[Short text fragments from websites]
------

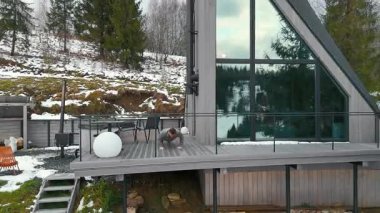 Ahşap bir terasta egzersiz yapan bir adam, büyük camlı pencereli modern bir A çerçeveli evin önünde. Teras, dağılmış ağaçları ve manzarası olan karlı bir yamaca bakıyor..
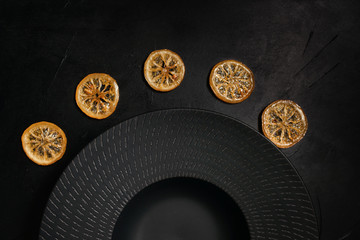 Decorative plate on black background decorated with dried citrus. Unique art crockery. Luxury style concept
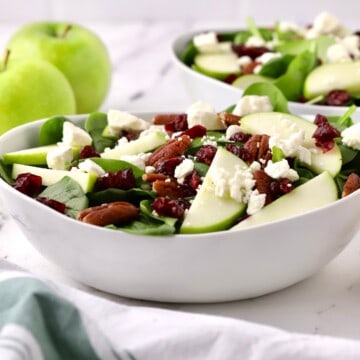 Spinach salad topped with sliced apples, pecans and feta cheese in a white bowl.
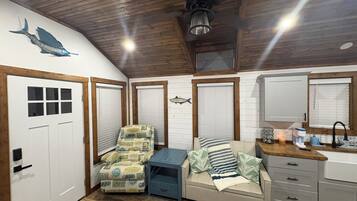 A room with a wooden ceiling, a bed with striped bedding, a chair with a beach pattern, a small table, and a window with blinds.
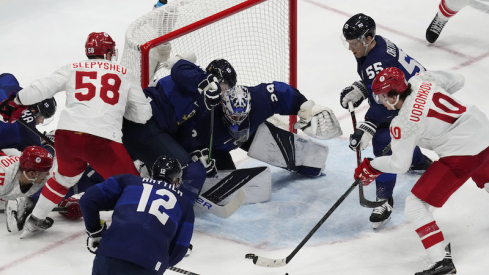 Team ROC's Dmitri Voronkov attempts to shoot the puck on Team Finland's Harri Sateri in the third period during the Beijing 2022 Olympic Winter Games at National Indoor Stadium.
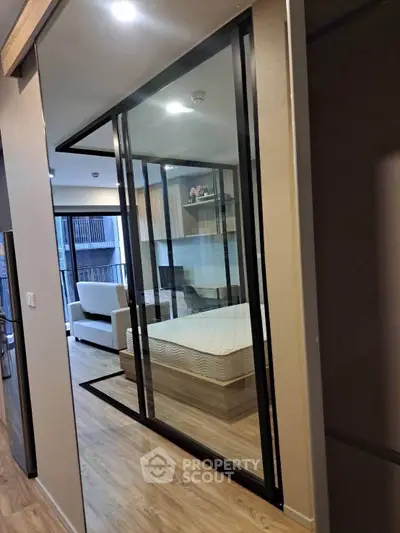 Modern apartment interior with glass partition and wooden flooring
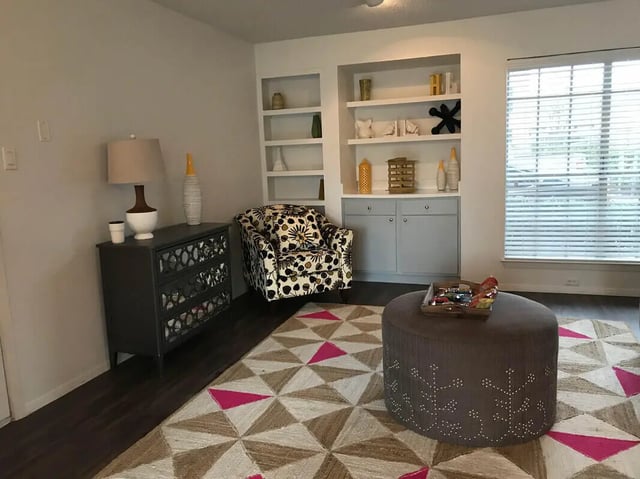 Armchair dresser shelves ottoman rug living room at Ironhorse Flats in Austin Student Accommodation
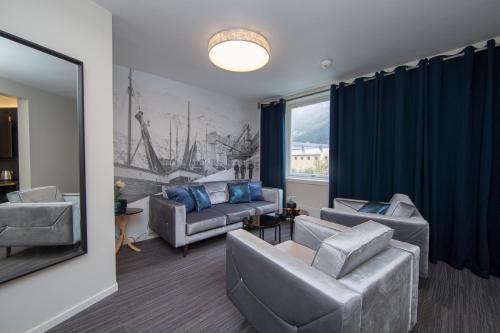 sala de estar con sofás y ventana grande en Svartisen Apartments, en Glomfjord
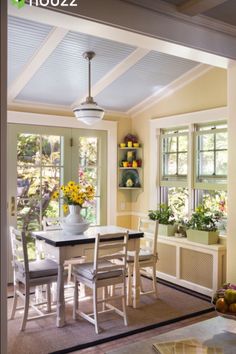 a dining room table and chairs with flowers in the vase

------

◆ EXERCISE BRIEF ◆
Beginning at the line that contains "Armchair dresser shelves", retype each line of the data above through the very last one. Do not retype the pictures.

◆ ANSWER BOX ◆
 Armchair dresser shelves ottoman rug living room at Ironhorse Flats in Austin Student Accommodation
 sala de estar con sofás y ventana grande en Svartisen Apartments, en Glomfjord
 a dining room table and chairs with flowers in the vase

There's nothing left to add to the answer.